SPI_INTConfig(SPI_MASTER, SPI_INT_RXF, DISABLE);
SPI_ClearINTPendingBit(SPI_MASTER, SPI_INT_RXF);
uint32_t master_rx_len = SPI_GetRxFIFOLen(SPI_MASTER);
for (uint32_t i = 0; i < master_rx_len; i++)
{
   master_rx_buf[i] = SPI_ReceiveData(SPI_MASTER);
   ...
}
SPI_INTConfig(SPI_MASTER, SPI_INT_RXF, ENABLE);

  1. When the Slave receives the data from the master, it triggers the SPI_INT_RXF interrupt and enters the interrupt function SPI_Handler_SLAVE

    1. Clear SPI_INT_RXF interrupt pending bit.

    2. Execute SPI_GetRxFIFOLen() to get the length of data in FIFO.

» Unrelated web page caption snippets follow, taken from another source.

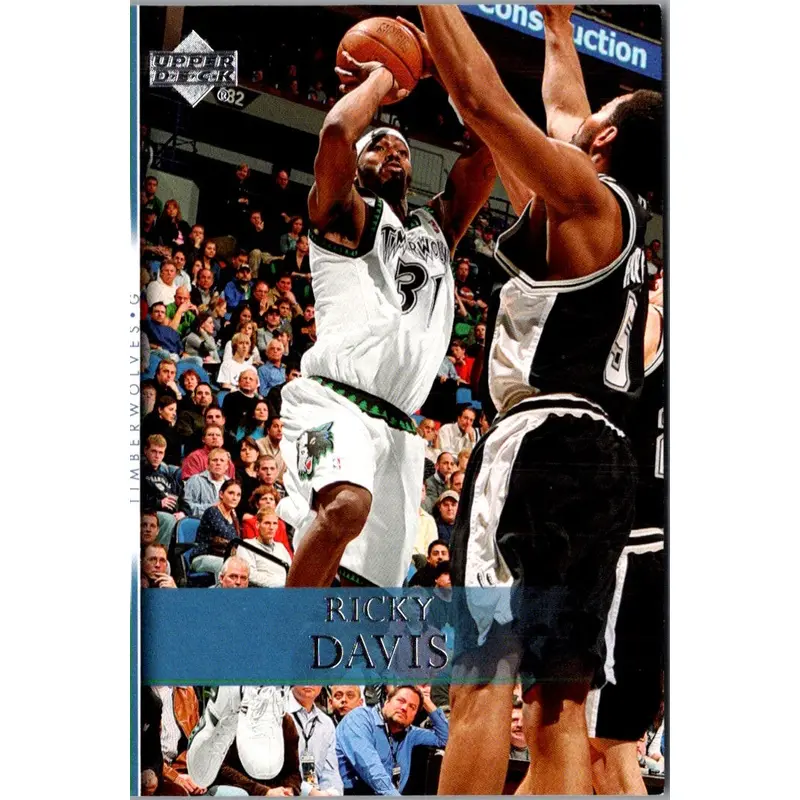 2007 Upper Deck Ricky Davis #62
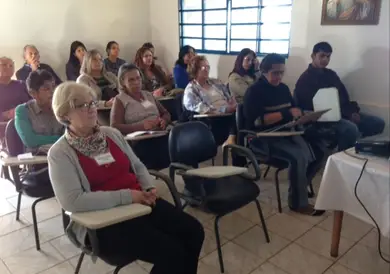 Capacitação para Trabalhadores da Área do Atendimento Espiritual UME SUL
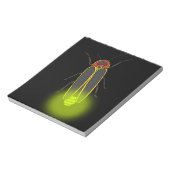 稲妻バグ点灯 ノートパッド (回転)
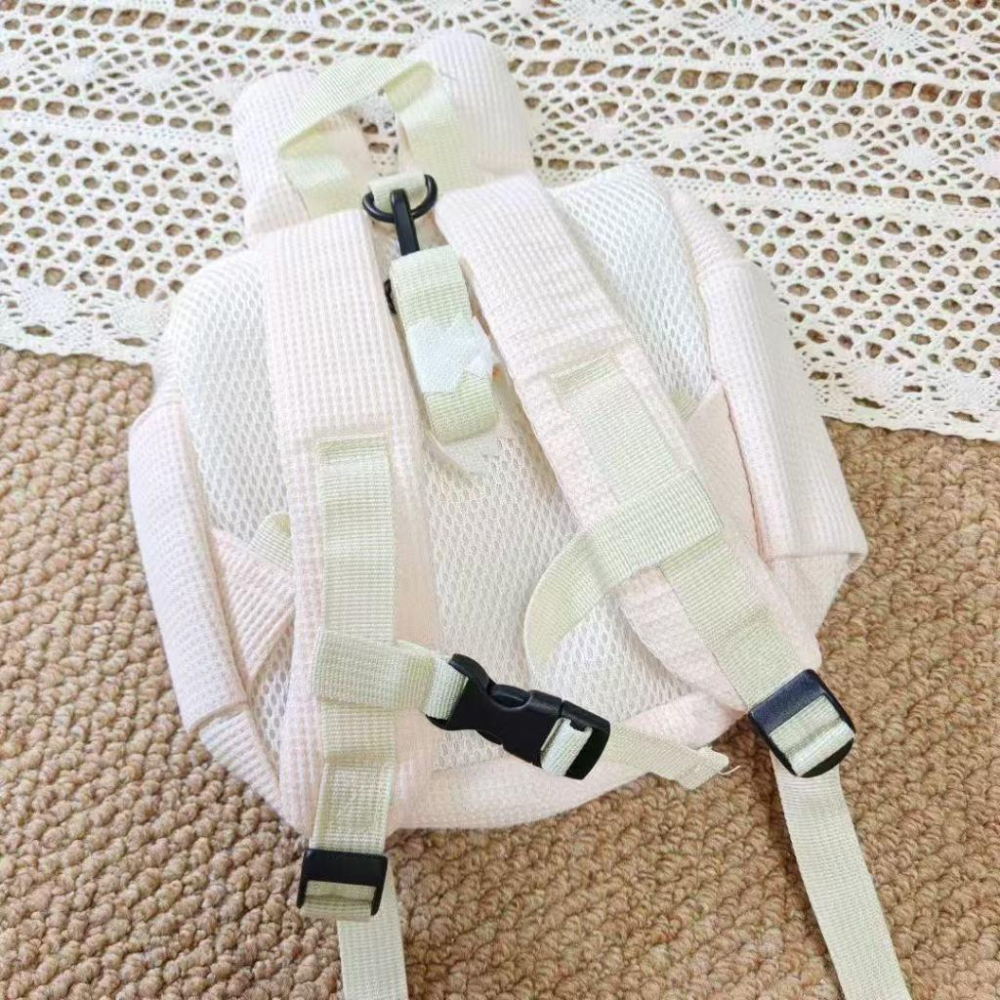 現貨 米菲小背包 牽引包 防走失包 好餓的毛毛蟲-細節圖6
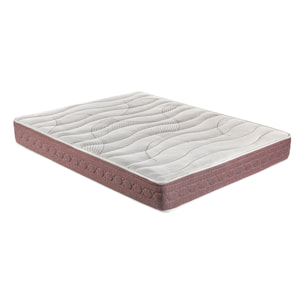 Colchón Viscoelástico + Espuma HR | 24cm de altura | Antiácaros | Firmeza Alta | Dormant Premium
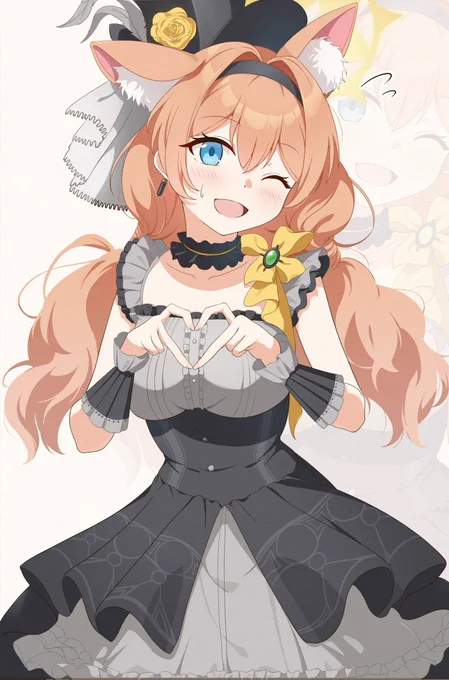 今までマリー描いたことなかったな～ということでアイドルマリーです。 #ブルアカ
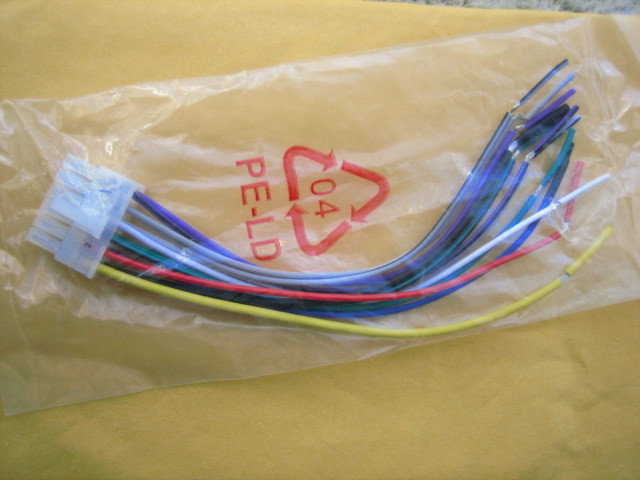 Dual Axxera Wire Harness AC404iM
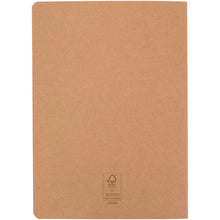 Load image into Gallery viewer, Slyk A5 cahier planner — Natural (back)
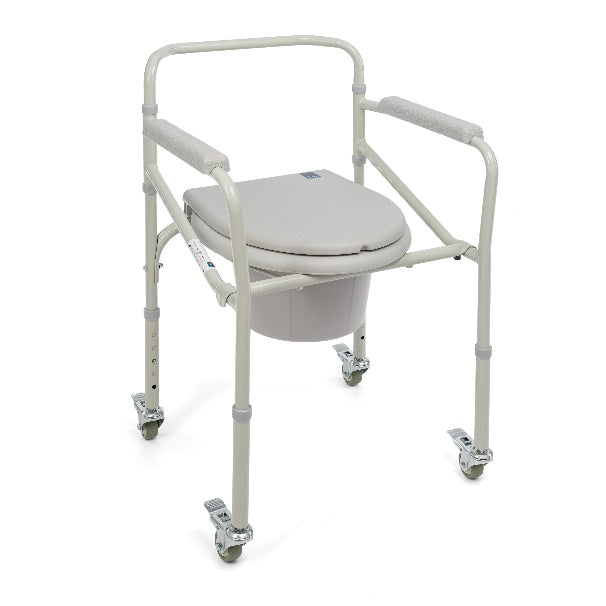 Folding Commode Chair - Timago bathroom safety aid
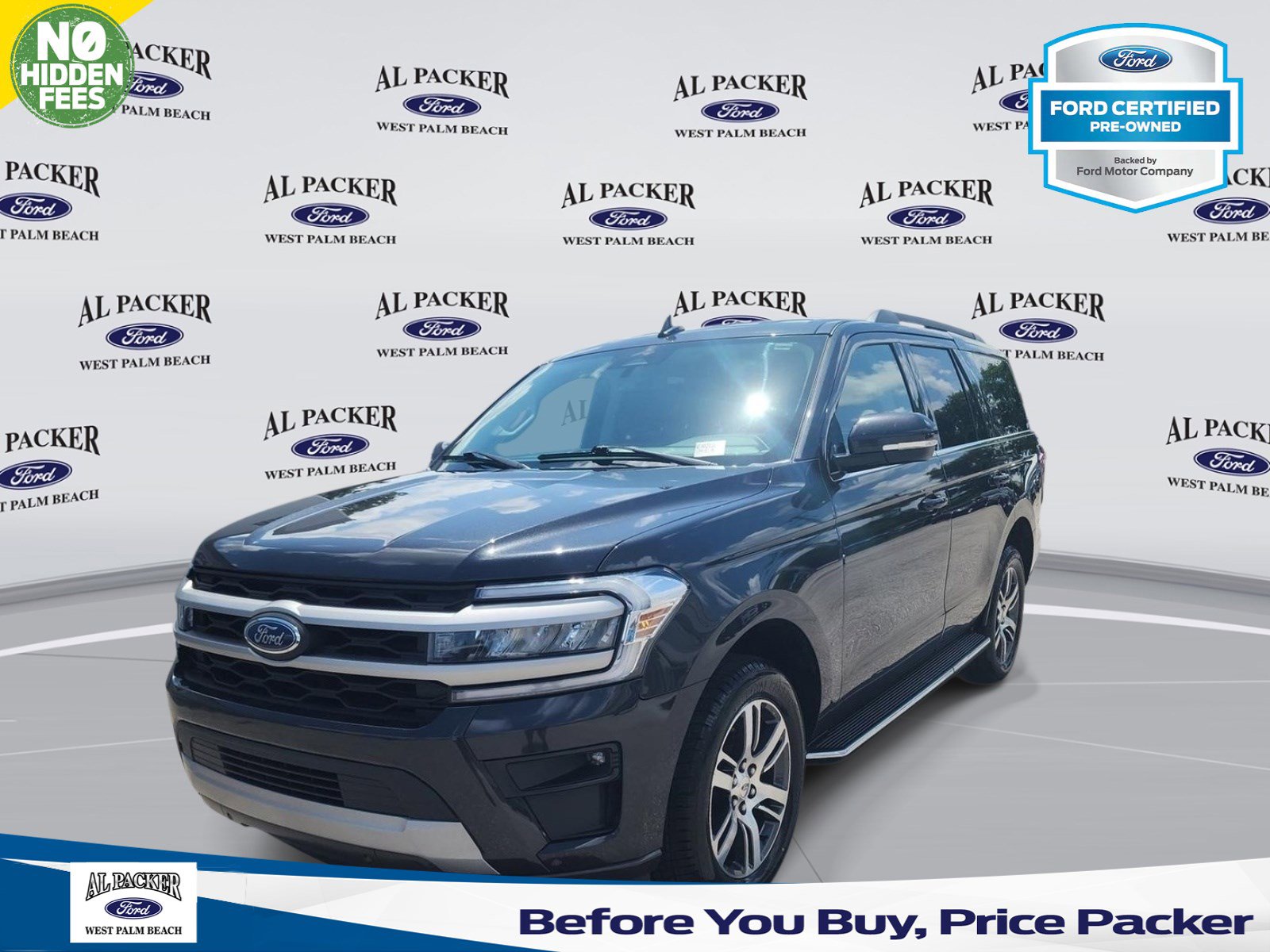 Certified 2022 Ford Expedition XLT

    3. Execute SPI_ReceiveData() to receive the data sent by the slave and print the data to compare whether the received and sent data are the same.

SPI_INTConfig(SPI_MASTER, SPI_INT_RXF, DISABLE);
SPI_ClearINTPendingBit(SPI_MASTER, SPI_INT_RXF);
uint32_t master_rx_len = SPI_GetRxFIFOLen(SPI_MASTER);
for (uint32_t i = 0; i < master_rx_len; i++)
{
   master_rx_buf[i] = SPI_ReceiveData(SPI_MASTER);
   ...
}
SPI_INTConfig(SPI_MASTER, SPI_INT_RXF, ENABLE);